Answer: Thank you for the comment. The section has been revised to be more concise, thereby reducing the impression that it is dedicated to a single case study.

“Many lncRNAs are associated with chromatin-modifying complexes such as SWI/SNF, which regulate both gene activation and repression by altering nucleosome positioning [15, 186, 187]. lncTCF7 recruits the SWI/SNF complex to activate transcription of TCF7, leading to stimulation of WNT signaling and cancer progression [38, 39]. In contrast, UCA1 binds SWI/SNF and inhibits its chromatin association at the p21 promoter, promoting cancer cell proliferation [188].

These examples, among many others, highlight the need to determine how lncRNAs modulate chromatin remodeling. Identifying direct binding partners and defining the corresponding binding sites are essential for understanding lncRNA-mediated gene regulation.”

 

Finally, the conclusion is rather limited. Turning the conclusion into more of a discussion, summarizing the main points, pointing out open questions, and highlighting future perspectives would give the manuscript a better closing.

Answer: Thank you for the comment. The first two paragraphs of the conclusion now summarize the main points highlighted in the review, while the final paragraph has been revised to suggest future research directions for a deeper understanding of lncRNAs.

“Growing evidence links lncRNA structure to function, highlighting the value of structural studies for uncovering key molecular mechanisms. Current findings indicate that lncRNAs are globally flexible and organized into modular domains that act as protein-binding sites and scaffolds. This intrinsic flexibility complicates structural determination, necessitating integrative approaches that capture dynamic and heterogeneous conformations. Nevertheless, recent methodological advances are increasingly addressing these challenges.

Because lncRNAs rarely act alone, interactome analyses are equally important. Their molecular partners can influence lncRNA folding, serving as structural switches that stabilize or remodel specific regions. We also reviewed emerging tools that expand the scope and resolution of lncRNA interactome mapping. Combined structure-focused and interactome-based analyses will be essential for elucidating the mechanisms of still understudied lncRNAs.

Although structural and interactome studies have substantially advanced the field, RNA modifications remain an underexplored layer that can profoundly affect RNA structure and activity. Exploring how these modifications influence lncRNA architecture and interactions will provide further insight into their diverse functional mechanisms.”

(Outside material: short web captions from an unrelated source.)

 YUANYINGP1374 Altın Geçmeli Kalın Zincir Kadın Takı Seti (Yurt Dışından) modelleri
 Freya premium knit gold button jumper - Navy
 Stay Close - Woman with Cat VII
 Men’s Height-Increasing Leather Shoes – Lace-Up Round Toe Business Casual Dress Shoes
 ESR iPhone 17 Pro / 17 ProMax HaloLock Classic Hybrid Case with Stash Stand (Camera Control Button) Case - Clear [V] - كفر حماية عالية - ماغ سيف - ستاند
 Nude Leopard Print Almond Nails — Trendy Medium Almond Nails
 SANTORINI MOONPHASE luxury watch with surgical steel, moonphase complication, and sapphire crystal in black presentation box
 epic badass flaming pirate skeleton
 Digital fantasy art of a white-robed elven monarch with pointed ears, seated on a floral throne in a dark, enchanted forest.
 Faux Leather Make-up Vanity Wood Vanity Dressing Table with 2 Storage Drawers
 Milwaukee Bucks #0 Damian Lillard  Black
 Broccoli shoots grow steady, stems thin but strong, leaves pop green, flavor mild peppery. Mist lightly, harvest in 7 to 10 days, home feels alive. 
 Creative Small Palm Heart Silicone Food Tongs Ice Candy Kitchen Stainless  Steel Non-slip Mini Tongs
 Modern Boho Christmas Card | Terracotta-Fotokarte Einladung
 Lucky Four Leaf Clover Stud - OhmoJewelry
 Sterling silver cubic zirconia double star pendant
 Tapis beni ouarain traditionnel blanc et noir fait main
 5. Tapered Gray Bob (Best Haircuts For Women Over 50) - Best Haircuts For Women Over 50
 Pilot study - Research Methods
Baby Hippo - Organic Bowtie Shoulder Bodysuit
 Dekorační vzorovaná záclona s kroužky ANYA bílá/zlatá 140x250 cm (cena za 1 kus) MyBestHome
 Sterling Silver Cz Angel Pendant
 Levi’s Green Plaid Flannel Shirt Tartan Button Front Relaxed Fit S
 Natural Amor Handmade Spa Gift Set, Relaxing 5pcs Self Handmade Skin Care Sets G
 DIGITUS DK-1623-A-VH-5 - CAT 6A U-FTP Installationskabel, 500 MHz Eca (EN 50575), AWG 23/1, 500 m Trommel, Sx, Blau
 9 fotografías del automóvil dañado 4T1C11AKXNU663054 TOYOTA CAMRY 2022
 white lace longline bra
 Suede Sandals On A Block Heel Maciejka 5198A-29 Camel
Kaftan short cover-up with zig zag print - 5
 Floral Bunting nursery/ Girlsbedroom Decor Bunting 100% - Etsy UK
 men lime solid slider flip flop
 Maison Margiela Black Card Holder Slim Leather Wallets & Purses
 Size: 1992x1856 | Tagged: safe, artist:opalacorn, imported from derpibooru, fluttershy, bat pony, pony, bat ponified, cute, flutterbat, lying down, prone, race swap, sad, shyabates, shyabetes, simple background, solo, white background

Author Response File: Author Response.docx

Round 2

Reviewer 1 Report

Comments and Suggestions for Authors

I am satisfied by the revised version.

Reviewer 2 Report

Comments and Suggestions for Authors

Edits have been made in line with my suggestions.

Comments on the Quality of English Language

Largely acceptable.

Reviewer 3 Report

Comments and Suggestions for Authors

In the revised manuscript, the authors have satisfactorily addressed most of my comments, resulting in improved readability and overall flow.